This is a simple demo app that embeds node-llama-cpp into an Electron.js. Think of this as a basic skeleton for how you can create your own version of LM Studio, but without having to go through some javascript compiler pain.
This is built using Electron Forge which is
usually a great way to get an Electron app up and running. However, we have to
do a few magic tricks due to requirements fro node-llama-cpp
:
- First, we have to use Electron v28 which is in beta so that the whole project can use EcmaScript Modules instead of Common JS. That's done in the project dependencies.
- Next, since we want to make life easier with React.JS, we have to get Vite working right. Electron doesn't fully support ESM in their vite plugin, so I forked it here. This is also included in the dependencies.
- Finally, make sure we leave
node-llama-cpp
as an external dependency instead of trying to compile it.
In a follow up blog post, I'll explain all these steps in depth since they were honestly a huge pain.

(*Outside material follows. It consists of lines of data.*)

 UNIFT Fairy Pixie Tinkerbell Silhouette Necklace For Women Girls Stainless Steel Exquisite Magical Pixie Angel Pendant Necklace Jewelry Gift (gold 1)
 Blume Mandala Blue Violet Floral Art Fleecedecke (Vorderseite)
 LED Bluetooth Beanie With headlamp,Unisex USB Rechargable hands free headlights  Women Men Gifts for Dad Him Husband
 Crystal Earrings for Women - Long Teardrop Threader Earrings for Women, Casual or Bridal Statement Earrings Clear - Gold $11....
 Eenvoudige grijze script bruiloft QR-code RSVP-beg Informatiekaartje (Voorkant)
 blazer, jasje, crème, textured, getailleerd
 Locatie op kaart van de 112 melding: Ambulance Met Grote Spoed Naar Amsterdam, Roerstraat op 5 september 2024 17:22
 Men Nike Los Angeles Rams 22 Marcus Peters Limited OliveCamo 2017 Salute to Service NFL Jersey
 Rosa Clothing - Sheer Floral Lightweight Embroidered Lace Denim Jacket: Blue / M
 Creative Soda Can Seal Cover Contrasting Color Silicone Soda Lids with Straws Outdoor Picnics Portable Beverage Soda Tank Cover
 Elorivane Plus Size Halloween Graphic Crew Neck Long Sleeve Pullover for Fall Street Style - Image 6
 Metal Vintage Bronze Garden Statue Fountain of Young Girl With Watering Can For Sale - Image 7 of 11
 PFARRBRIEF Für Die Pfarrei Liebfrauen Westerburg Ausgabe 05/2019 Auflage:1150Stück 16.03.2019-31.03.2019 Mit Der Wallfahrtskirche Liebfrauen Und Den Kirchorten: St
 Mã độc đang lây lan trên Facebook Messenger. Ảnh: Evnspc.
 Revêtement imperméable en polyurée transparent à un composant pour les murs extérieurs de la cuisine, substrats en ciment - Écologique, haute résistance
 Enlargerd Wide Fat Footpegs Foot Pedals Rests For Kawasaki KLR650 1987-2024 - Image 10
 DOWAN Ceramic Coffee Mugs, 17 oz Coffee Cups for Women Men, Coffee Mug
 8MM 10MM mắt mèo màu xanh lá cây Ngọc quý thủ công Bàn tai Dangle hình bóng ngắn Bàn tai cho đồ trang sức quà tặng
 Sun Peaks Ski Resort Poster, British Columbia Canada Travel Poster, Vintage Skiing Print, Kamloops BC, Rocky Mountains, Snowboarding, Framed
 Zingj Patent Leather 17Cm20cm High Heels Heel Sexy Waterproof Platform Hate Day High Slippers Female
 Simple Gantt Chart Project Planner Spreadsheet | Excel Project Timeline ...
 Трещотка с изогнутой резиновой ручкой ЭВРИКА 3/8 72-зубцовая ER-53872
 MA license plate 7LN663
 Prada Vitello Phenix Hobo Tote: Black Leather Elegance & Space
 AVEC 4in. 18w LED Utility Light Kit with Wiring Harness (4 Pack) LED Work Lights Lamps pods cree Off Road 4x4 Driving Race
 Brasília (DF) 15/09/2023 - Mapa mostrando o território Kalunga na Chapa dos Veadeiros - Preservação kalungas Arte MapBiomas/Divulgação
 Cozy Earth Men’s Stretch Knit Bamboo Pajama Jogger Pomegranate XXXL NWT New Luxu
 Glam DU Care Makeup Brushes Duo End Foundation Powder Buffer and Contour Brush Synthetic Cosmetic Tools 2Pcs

To run llama-cpp-python with a vision model, we can do the following:
python -m llama_cpp.server \
--model ~/.cache/lm-studio/models/mys/ggml_llava-v1.5-7b/ggml-model-q5_k.gguf \
--model_alias llava-1.5 \
--clip_model_path ~/.cache/lm-studio/models/mys/ggml_llava-v1.5-7b/mmproj-model-f16.gguf \
--chat_format llava-1-5 \
--n_gpu_layers 1
NOTE: If you're running on an M2, the latest version of llama-cpp-python
might be a pain to install. See this
issue for some fixes.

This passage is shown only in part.